Novel porous TiO2@Cu3(BTC)2 composites, which were synthesized using ionic liquids (ILs) as solvents, exhibited excellent activity for photooxidation of styrene to 4-aryl tetralones and promoting the Glaser coupling reaction with O2 under light irradiation. It was discovered that the transformation between Cu2+ and Cu+ was crucial for enhancing the photocatalytic performance.

Efficient Generation of Lactic Acid from Glycerol over a Ru-Zn-CuI /Hydroxyapatite Catalyst.

The biodiesel production process generates a significant amount of glycerol as a byproduct. A drive to add value has attracted worldwide attention, with the aim of improving the overall effectiveness and profitability of biodiesel production. Herein, we report hydroxyapatite (HAP)-supported Ru-Zn-CuI (Ru-Zn-CuI /HAP) as effective catalysts for the transformation of glycerol to lactic acid (LA).The catalysts were characterized by using different techniques. The effects of catalyst composition, reaction time, and temperature on the conversion and product distribution were investigated. It was revealed that Ru nanoparticles of less than 2 nm were dispersed uniformly on HAP. CuI could effectively inhibit the cleavage of C-C bonds, which led to improved yields of LA. Under optimized conditions, the yield of LA could reach 70.9 % over Ru-Zn-CuI /HAP. Furthermore, the catalyst could be reused at least four times without an obvious loss of activity or selectivity.

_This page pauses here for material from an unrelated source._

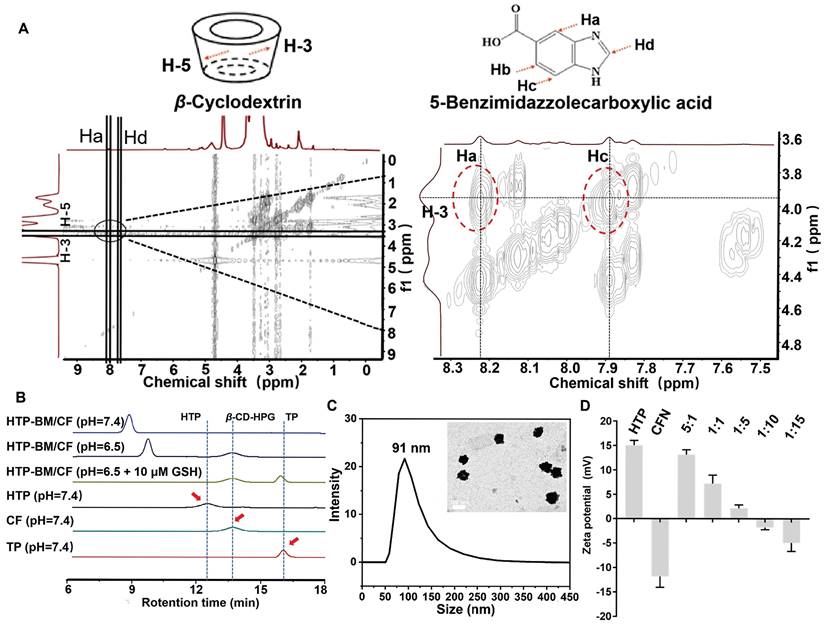Theranostics Image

Preparation of Ru/Graphene using Glucose as Carbon Source and Hydrogenation of Levulinic Acid to γ-Valerolactone.

The preparation of functional materials and value-added chemicals using biomass-derived feedstocks is an interesting topic. Herein, we propose a method to prepare Ru/graphene catalyst using glucose as the carbon source. The catalyst was characterized by scanning and transmission electron microscopies, Raman and X-ray photoelectron spectroscopies, and X-ray diffraction. It was found that Ru particles of 2-6 nm were supported uniformly on high-quality graphene. The performance of the Ru/graphene for hydrogenation of levulinic acid to γ-valerolactone was studied. The Ru/graphene had much higher activity for the hydrogenation reaction than commercial Ru/C, and was active even at room temperature. The high activity was partially due to the unique structure of graphene, which resulted in an electron-enriched Ru nanocatalyst. In addition, the Ru/graphene could be reused at least four times without considerable decrease in activity, indicating the excellent stability of the catalyst under our conditions.